RECORDS TO USE START
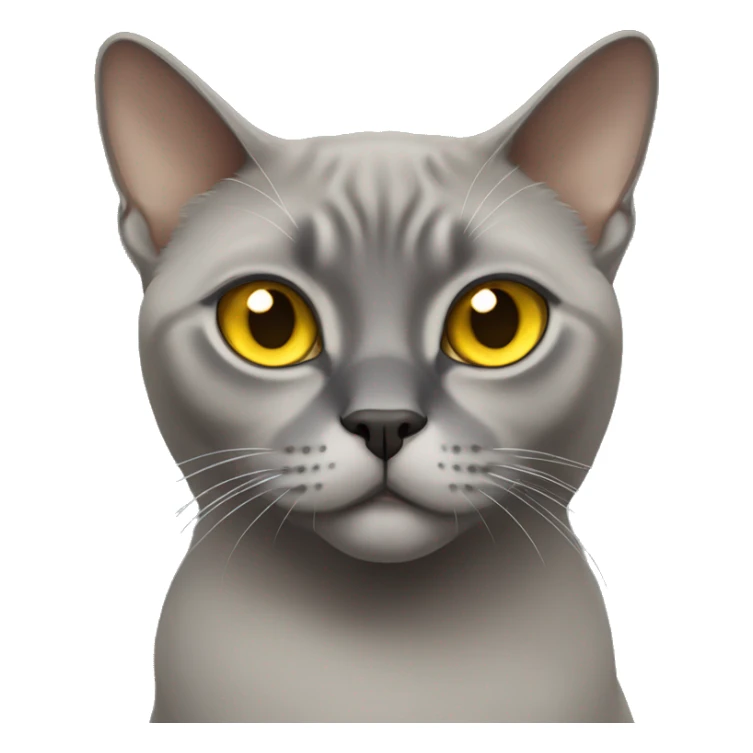 gray Burmese cat with yellow eyes sticker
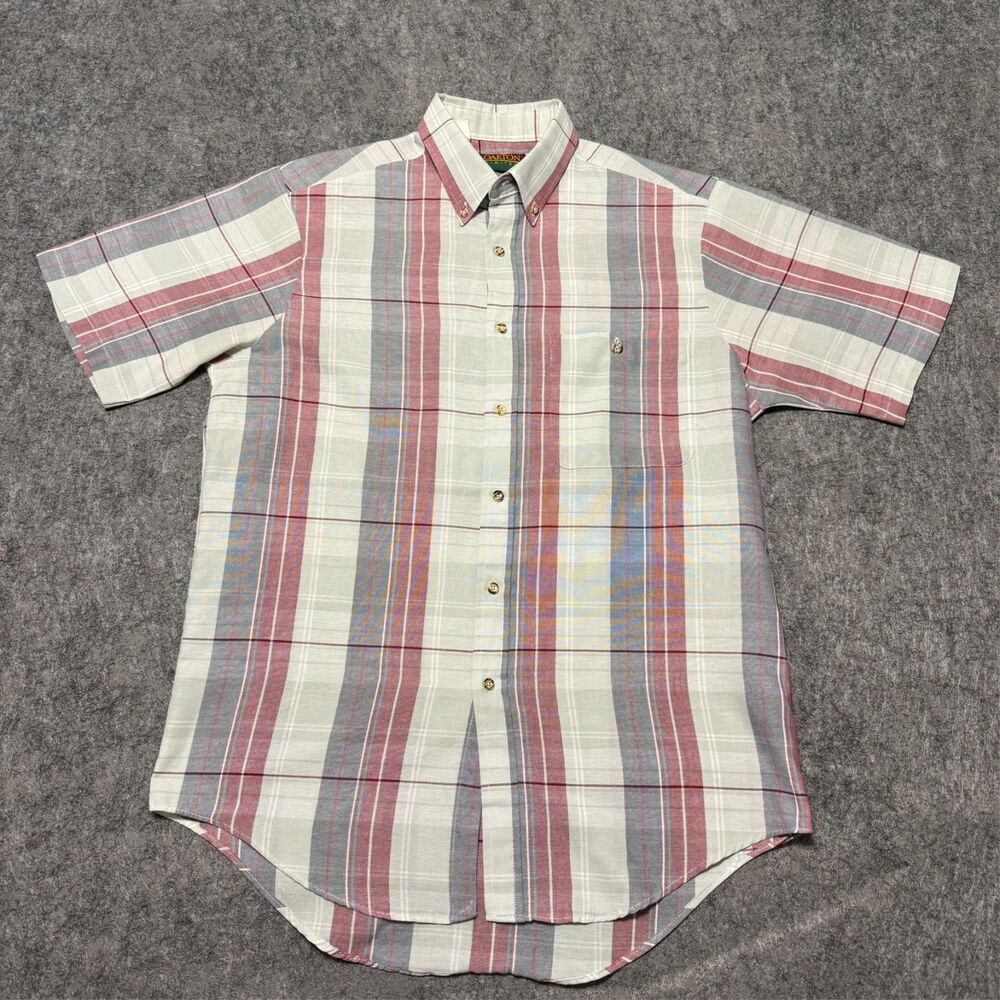 Vintage Oakton Limited Shirt Mens Medium Plaid Short Sleeve Made In USA 80s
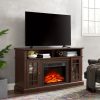 Classic & Modern TV Media Stand with 23" Fireplace Insert, Entertainment Console for TVs Up to 65", Featuring Open & Closed Storage Space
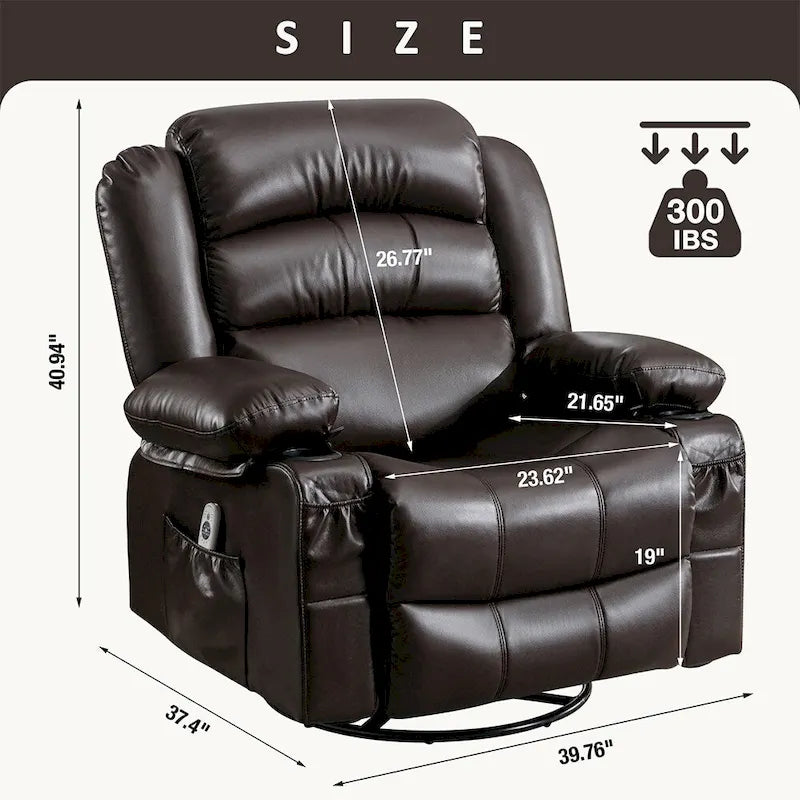 Fauteuil Inclinable Pivotant Manuel avec Fonction Massage et Chauffage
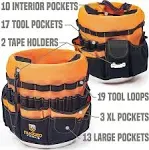 64-Pocket Bucket Tool Organizer Fits 5 Gallon Buckets for Carpenter Construction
RECORDS TO USE END
→ **WORK INSTRUCTION**
The answer must be the lines from the first one in the records through the line containing "Classic & Modern", copied exactly, with no pictures.

→ **RESULT OF THE TASK**
 gray Burmese cat with yellow eyes sticker
 Vintage Oakton Limited Shirt Mens Medium Plaid Short Sleeve Made In USA 80s
 Classic & Modern TV Media Stand with 23" Fireplace Insert, Entertainment Console for TVs Up to 65", Featuring Open & Closed Storage Space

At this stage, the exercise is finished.